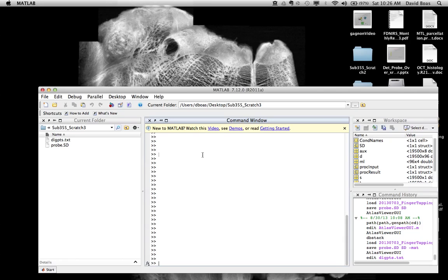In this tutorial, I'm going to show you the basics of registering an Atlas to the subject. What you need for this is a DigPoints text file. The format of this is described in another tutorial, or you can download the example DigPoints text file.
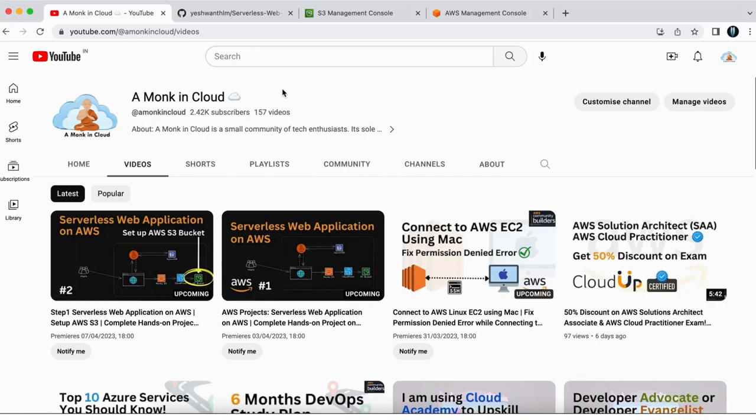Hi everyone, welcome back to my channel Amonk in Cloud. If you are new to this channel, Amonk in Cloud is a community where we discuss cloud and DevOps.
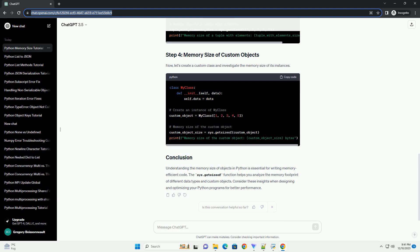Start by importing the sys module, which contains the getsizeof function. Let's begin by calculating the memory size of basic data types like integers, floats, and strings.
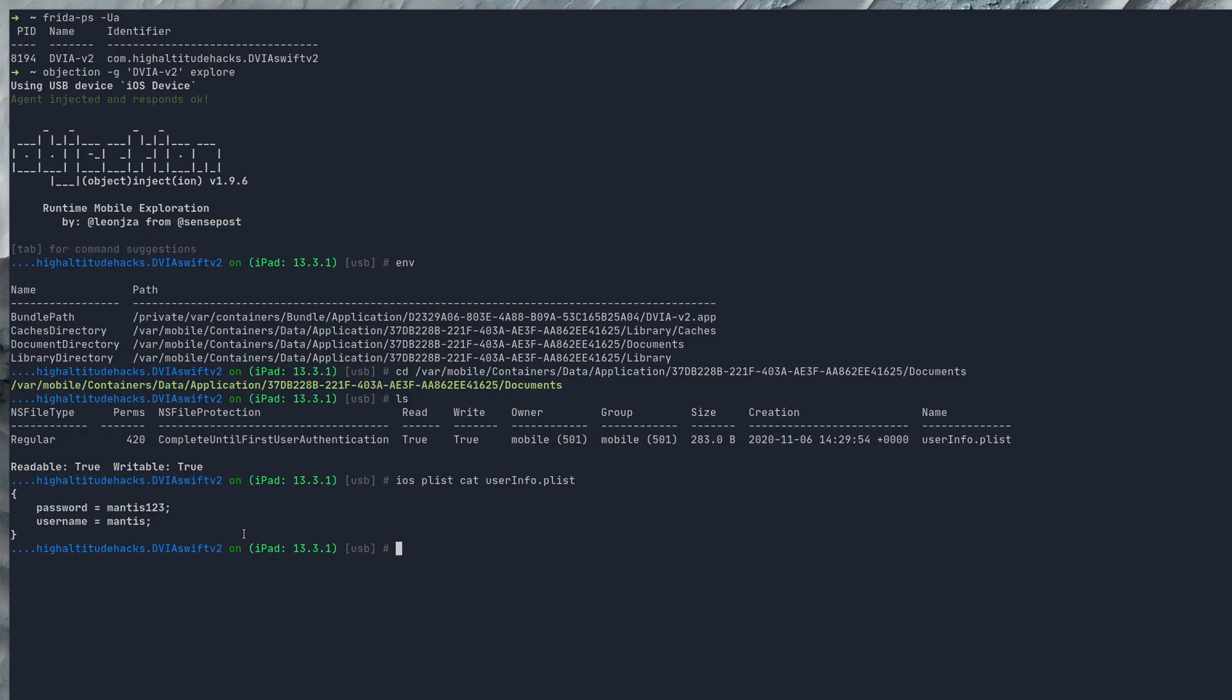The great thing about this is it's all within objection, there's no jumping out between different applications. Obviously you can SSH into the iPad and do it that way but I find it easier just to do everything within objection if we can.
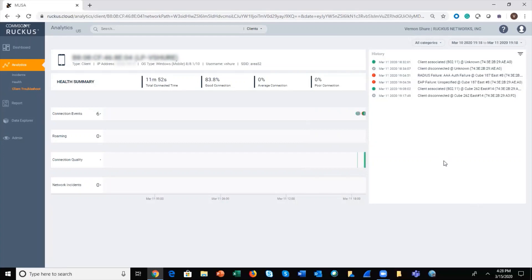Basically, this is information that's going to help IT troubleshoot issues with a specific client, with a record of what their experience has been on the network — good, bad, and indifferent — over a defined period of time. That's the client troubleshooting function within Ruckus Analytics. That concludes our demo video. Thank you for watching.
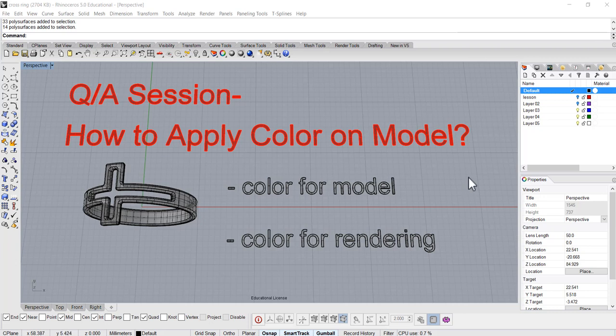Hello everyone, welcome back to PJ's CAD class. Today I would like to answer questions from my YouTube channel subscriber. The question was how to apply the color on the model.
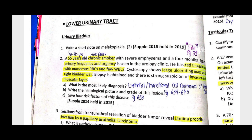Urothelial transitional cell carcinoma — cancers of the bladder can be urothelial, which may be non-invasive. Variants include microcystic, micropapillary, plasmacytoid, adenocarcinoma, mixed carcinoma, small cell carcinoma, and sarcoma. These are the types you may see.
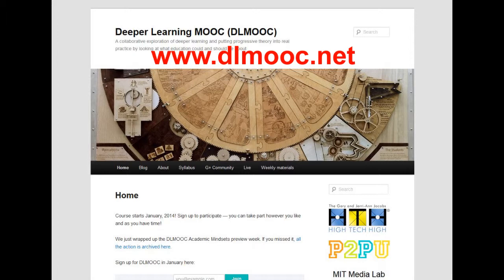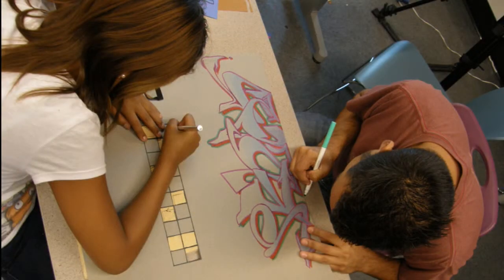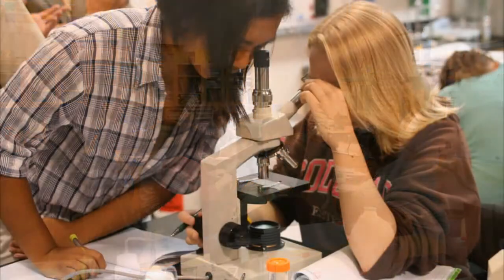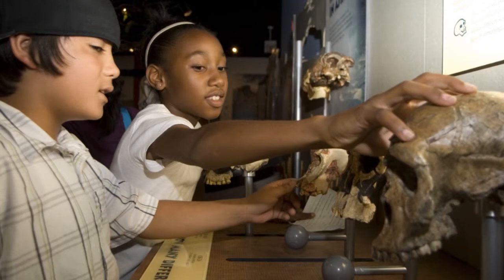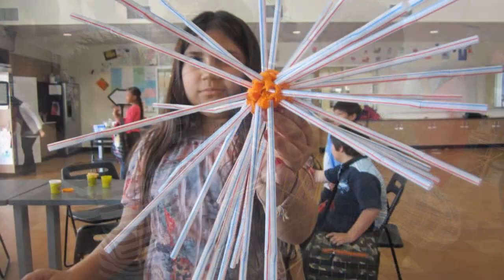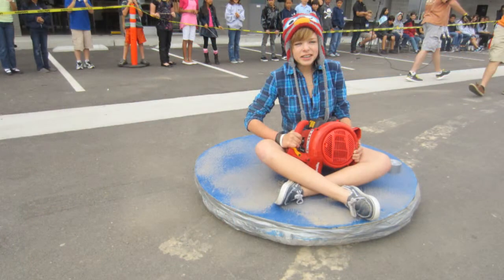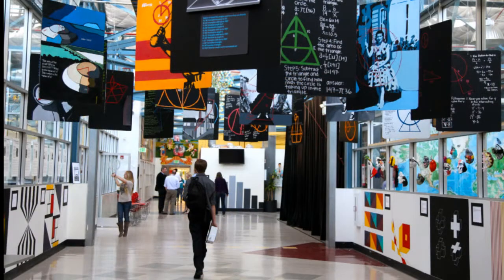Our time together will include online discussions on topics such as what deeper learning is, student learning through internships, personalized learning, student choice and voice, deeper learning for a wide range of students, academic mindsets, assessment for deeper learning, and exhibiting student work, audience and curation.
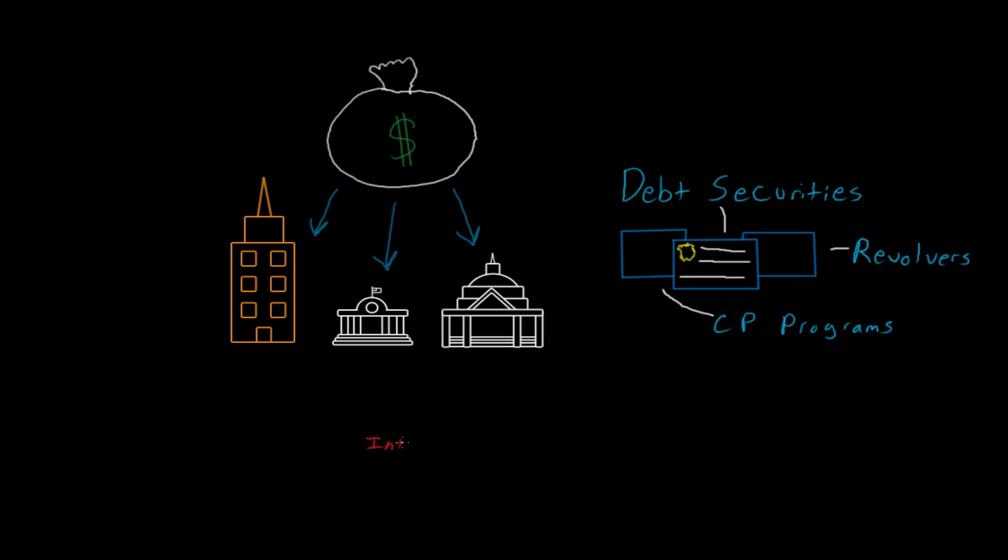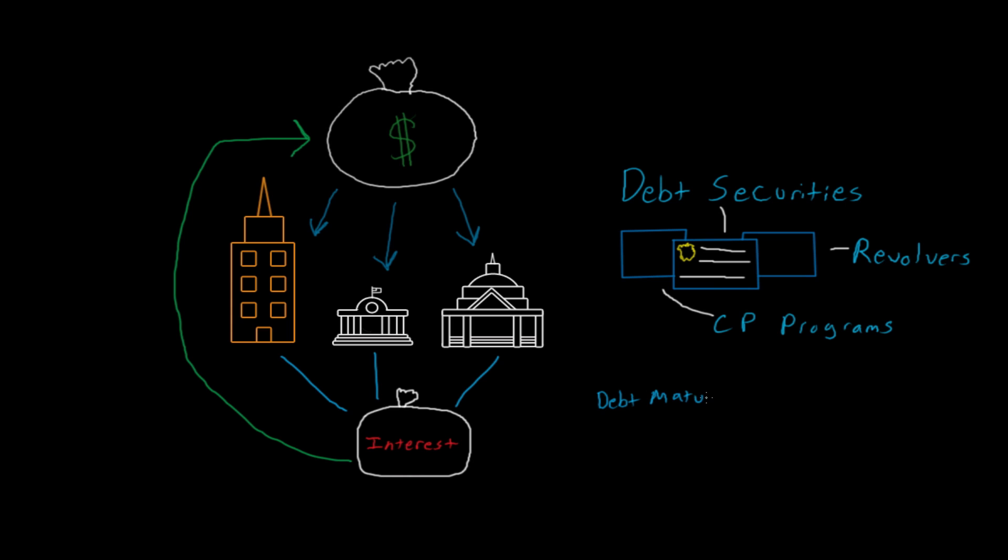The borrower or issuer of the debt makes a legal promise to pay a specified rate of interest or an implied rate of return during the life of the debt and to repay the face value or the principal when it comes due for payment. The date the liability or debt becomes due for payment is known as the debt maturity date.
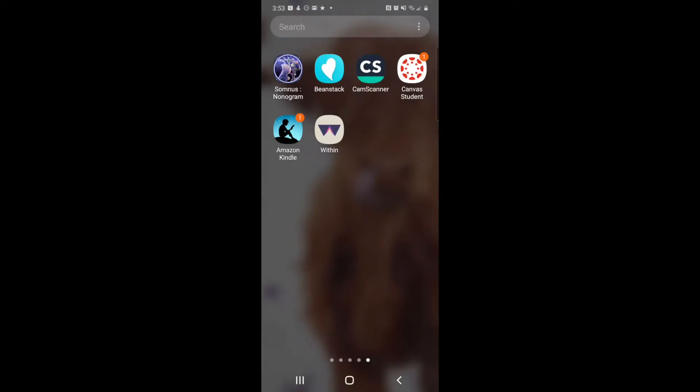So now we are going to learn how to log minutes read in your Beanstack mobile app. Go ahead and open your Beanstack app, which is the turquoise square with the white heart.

------------------------------------------------------------

### ACTIVITY
Write out exactly the lines from the line that contains "Our time together" through the end of the material, including both ends. No pictures belong in the copy.

### EXERCISE ANSWER
Our time together will include online discussions on topics such as what deeper learning is, student learning through internships, personalized learning, student choice and voice, deeper learning for a wide range of students, academic mindsets, assessment for deeper learning, and exhibiting student work, audience and curation.
The borrower or issuer of the debt makes a legal promise to pay a specified rate of interest or an implied rate of return during the life of the debt and to repay the face value or the principal when it comes due for payment. The date the liability or debt becomes due for payment is known as the debt maturity date.
So now we are going to learn how to log minutes read in your Beanstack mobile app. Go ahead and open your Beanstack app, which is the turquoise square with the white heart.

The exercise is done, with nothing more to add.